Após o impeachment da ex-presidente Dilma Rousseff, quando o País vivia uma recessão de origem tanto política quanto fiscal, a regra que impedia aumentos das despesas públicas acima da inflação recolocou os pagamentos de juros, que estavam em 8,37% do PIB em 2015, para abaixo da média histórica em apenas três anos. Em 2018, os juros já custavam menos de 6% do PIB para o setor público.
A reedição do teto dos gastos é completamente descartada pelo governo atual, cuja equipe econômica considera a regra inviável a um orçamento engessado por gastos obrigatórios, que crescem em ritmo acelerado. E, levando em conta as expectativas de que o setor público seguirá gastando mais do que arrecada por pelo menos mais três anos – sem a perspectiva de novas medidas estruturais no curto prazo -, parece ainda haver um abismo entre a situação atual e a geração dos superávits primários necessários para equilibrar a dívida. O aperto fiscal para estancar a dívida passa de R$ 300 bilhões.
Apesar disso, uma sinalização clara de que, antes de afrouxar regras, haverá empenho político na agenda de ajuste fiscal – de modo a afastar receios sobre o governo entrar no “modo eleição” – seria um bom começo para resgatar a credibilidade da política fiscal e atenuar os prêmios de risco cobrados hoje pelo mercado.
“Ter juros menores passa por um governo que gasta menos também. Se você tem credibilidade, as coisas se retroalimentam. Com 10% de juro real, qualquer país do mundo vai ter problema fiscal, independentemente do seu crescimento. Só que a parte fiscal contribui negativamente a esse quadro, e é muito pela perda de credibilidade do arcabouço”, observa Pedro Schneider, especialista em contas públicas do Itaú Unibanco.
Conforme Felipe Salto, economista-chefe da Warren Investimentos, a opção do Tesouro de lidar com a aversão a risco no mercado emitindo mais títulos pós-fixados ajudou a financiar o governo de modo eficiente. Porém, emenda, a estratégia tem um custo para o Banco Central, já que o maior retorno obtido por detentores desses papéis no ciclo de alta da Selic contribui para estimular a demanda agregada, prejudicando a política monetária.

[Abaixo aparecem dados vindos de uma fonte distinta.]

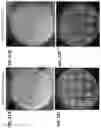 Fig. 22 - Microorganisms for the production of insect pheromones and related compounds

“Os juros precisam ficar ainda mais elevados para compensar essa pressão. Ao mesmo tempo em que permite ao Tesouro ter um instrumento importante em momentos de desconfiança, também aprisiona o modelo de gestão da dívida a um tipo de papel que polui a gestão da política monetária, gerando custos fiscais diretos e altos”, comenta Salto, que já foi diretor-executivo da Instituição Fiscal Independente (IFI) e secretário da Fazenda do Estado de São Paulo.
“A gestão da dívida só vai melhorar, com alongamento do prazo e redução dos custos médios, quando avançarmos definitivamente na agenda de ajuste fiscal”, conclui o economista.